My darling diary! Been a while aint it? I always do this, I go through phases of writing in you loads and then don't go near you for a few months. Its grand! You know you're dear to me and that I would probably go insane without you. I say go insane, I'm pretty close to insanity at the best of times. You would be too if you were in my position to be fair! Or maybe it is just me? Am I actually crazy? Most people seem to think so at any rate. I just nod and smile and then do a little dance and hope it goes away but it does get to you after a while. Because after having twenty seven years of people telling you you're not normal it does eventually get to you. Everything gets to you.

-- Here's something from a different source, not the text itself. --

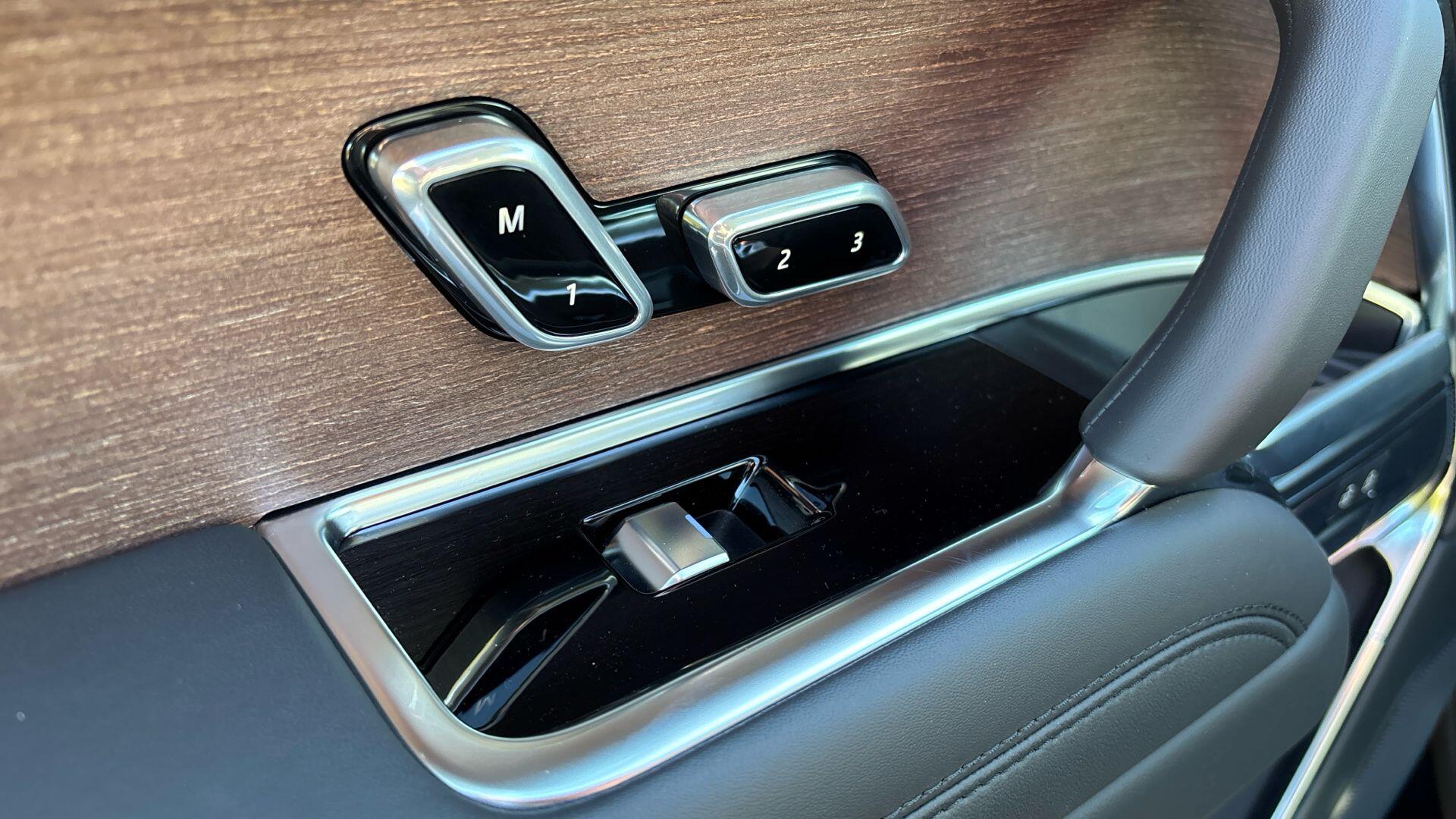 Land Rover Range Rover view 23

But what's been happening since you last wrote in me I hear you cry? Well! Various bits and pieces! I moved in with Alvey or Bucke or whatever he wants to call himself. I know! Its contraversial to move away from the tree but I was starving, screwed up and needed looking after and he offered to do just that for me. So I took up his offer and am now living in a forge. Its grand! He's a lovely lad really. I'm not sure everyone shares my sentiments and I know I haven't always shared them but he's so good to me. Way better than I deserve. I think that's the hardest thing about him - I know he could do better than me and so I wonder what he actually sees in me? I treat him like dirt and he stays with me. Its odd. Very odd. Love does funny things I guess! And on that note I'm not sure what to think. Because I'm fairly confident that I do love him but I have no idea. I've never really experienced love before so I don't know what it looks like or what you're supposed to do with it or what. One thing is certian however - no matter what he says we are NOT going to get married. It just aint going to happen!

In other news, I made friends with a lad named Thayalengir who now hates me because I apparantly drink too much. I did also accidentally get him in jail twice but I don't understand how that's putting him off! I mean! I got Joran in jail almost every week and he bailed me out at least twice as much as that and he never held it against me. Each to their own I guess! Not that I'm really complaining, as long as he don't hurt anyone that I care about over it I don't mind him not getting on with me, although I just wish he could see that I still care about him! Silly stubborn men! At least he aint proposed to me or anything.